→ **Requirement**:
Please output exactly the lines from the one containing "Lyudmila/Katzen/Liska_II/Liska_II06mN.jpg" through the end of the records below, leaving out any pictures.

→ **Stored items**:

· · · · · · ·

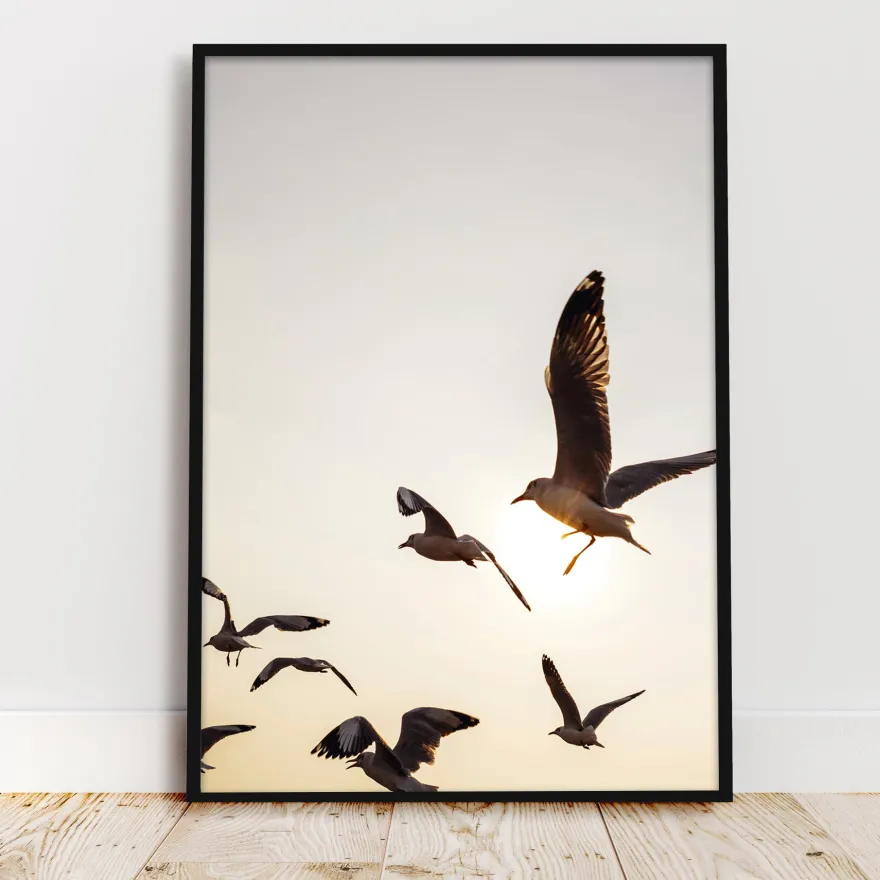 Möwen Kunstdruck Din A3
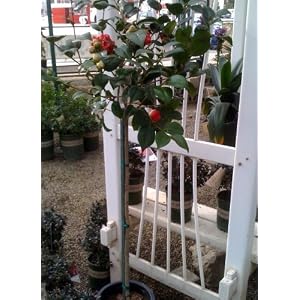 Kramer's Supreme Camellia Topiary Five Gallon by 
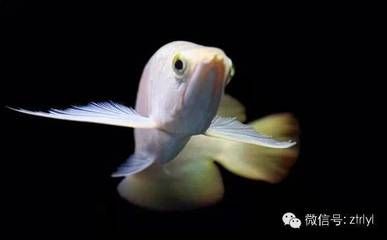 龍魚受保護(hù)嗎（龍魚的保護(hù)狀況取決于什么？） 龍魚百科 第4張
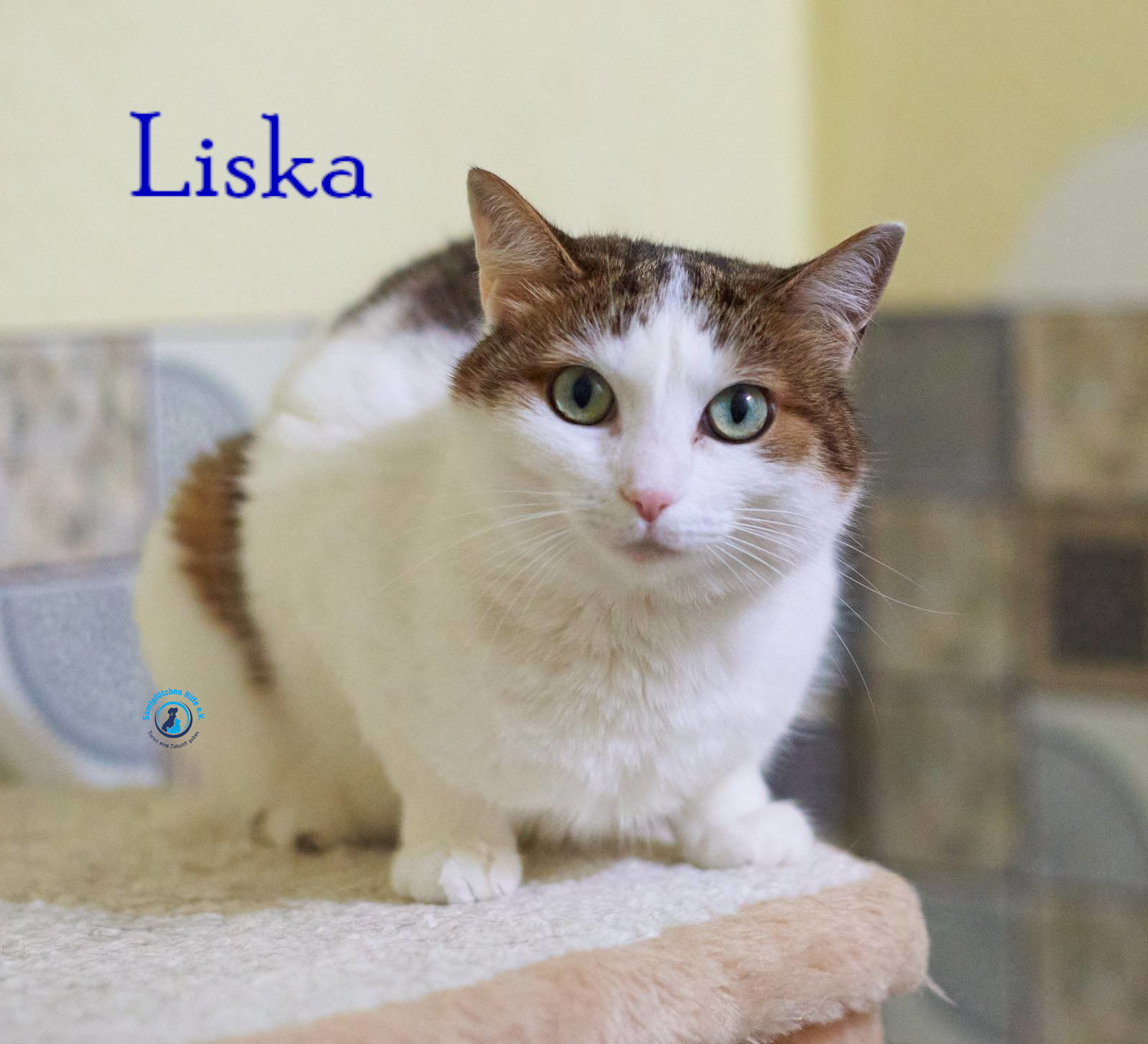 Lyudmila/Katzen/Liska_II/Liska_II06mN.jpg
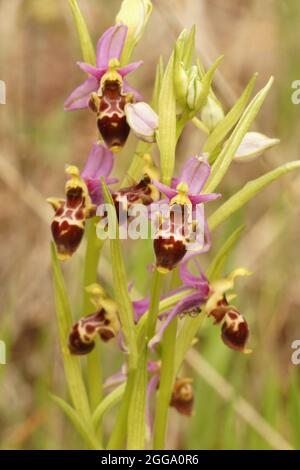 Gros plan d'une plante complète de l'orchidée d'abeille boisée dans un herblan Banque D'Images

· · · · · · ·

→ **Solution**:
 Lyudmila/Katzen/Liska_II/Liska_II06mN.jpg
 Gros plan d'une plante complète de l'orchidée d'abeille boisée dans un herblan Banque D'Images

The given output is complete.